An experimentation platform where every estimator is certified against a known ground truth.
▶ Live demo · 📖 User guide · by Daniel Redel
Every experimentation platform faces the same epistemic wall: the treatment effect
Lyra dissolves the problem by authoring the world. A data-generating process plants a known effect; an estimator sees only the observable data; and a Monte-Carlo harness checks whether the estimator recovers the known effect with correct interval coverage before it is trusted:
coverage = P( τ ∈ CI ) ≟ 1 − α # uncheckable on real data — the gate in Lyra
An estimator that recovers the planted truth with nominal coverage earns a certified badge; one that
doesn't is flagged uncertified, and its bias becomes a measured, asserted quantity rather than a
worry. That single loop certifies every method in the platform — and turns soft methodological debates
("is the naive A/B biased here?") into hard pass/fail checks.
Inference engine (lyra/) |
A 12-chapter curriculum of estimators, each built notebook-first then promoted behind an Estimator/DGP protocol and certified by the harness: DR/DML · CUPED & ratio-metric variance · cluster-robust SEs · interference · switchback & variance reduction · always-valid sequences · power & test-and-roll · CATE · policy/OPE · observational sensitivity · incrementality. |
the crown jewel |
Chassis (chassis/, FastAPI) |
A thin-but-real platform: deterministic assignment · a governed metric catalog · the lifecycle state machine · a scorecard with the certified-vs-truth badge, an always-valid CS, SRM, and portfolio FDR · the ship rule.

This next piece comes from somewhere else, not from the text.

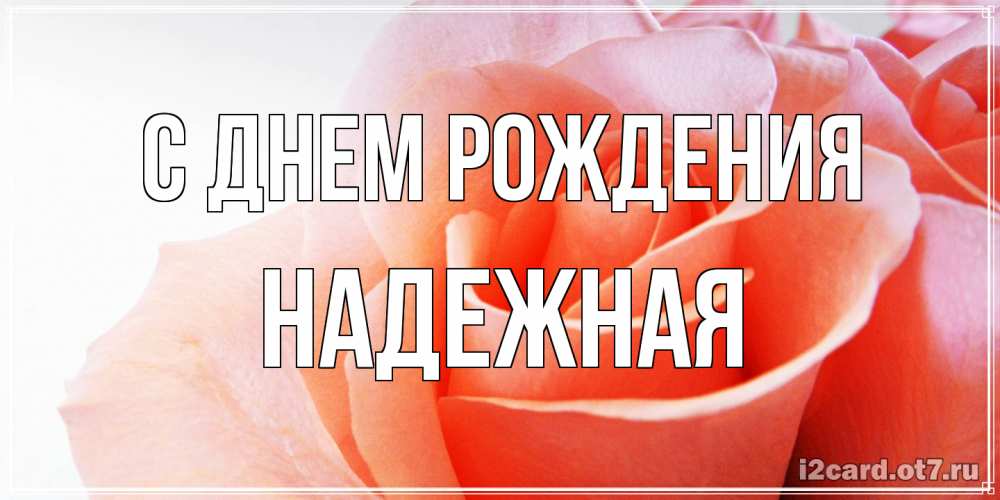 Открытка на каждый день с именем, надежная С днем рождения розы для поздравления с днем рождения Прикольная открытка с пожеланием онлайн скачать бесплатно 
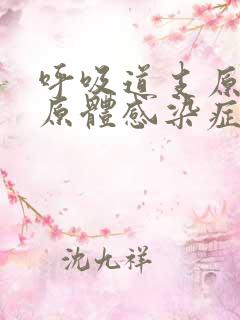 呼吸道支原体衣原体感染症状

The operative create → run → decide loop. | the product |
Frontend (frontend/, React + Vite) |
Home + six industry study cases · a 4-step create wizard with a Spotify-style sample-size calculator · interactive DGP previews · a detailed-analytics scorecard (MC sampling distribution, coverage caterpillar). | the demo |
User guide (docs/, Quarto) |
The method documentation — each estimator's problem, math, and certification — rendered with LaTeX from the notebook curriculum. | the docs |
The four layers stay decoupled, so each can be reasoned about — and certified — on its own:
DGP → chassis (assignment · metrics · lifecycle · ship rule) → inference library → harness
│ │
└──────────────── estimators GUESS · DGPs KNOW · the harness CERTIFIES ───────────────────┘
Estimators guess; DGPs know. Their symmetry is the architecture: build the certification loop once, and every method added later earns a "certified: yes/no" badge for free.
Each method is built raw in a notebook, promoted to lyra/, and gated by a ground-truth recovery test.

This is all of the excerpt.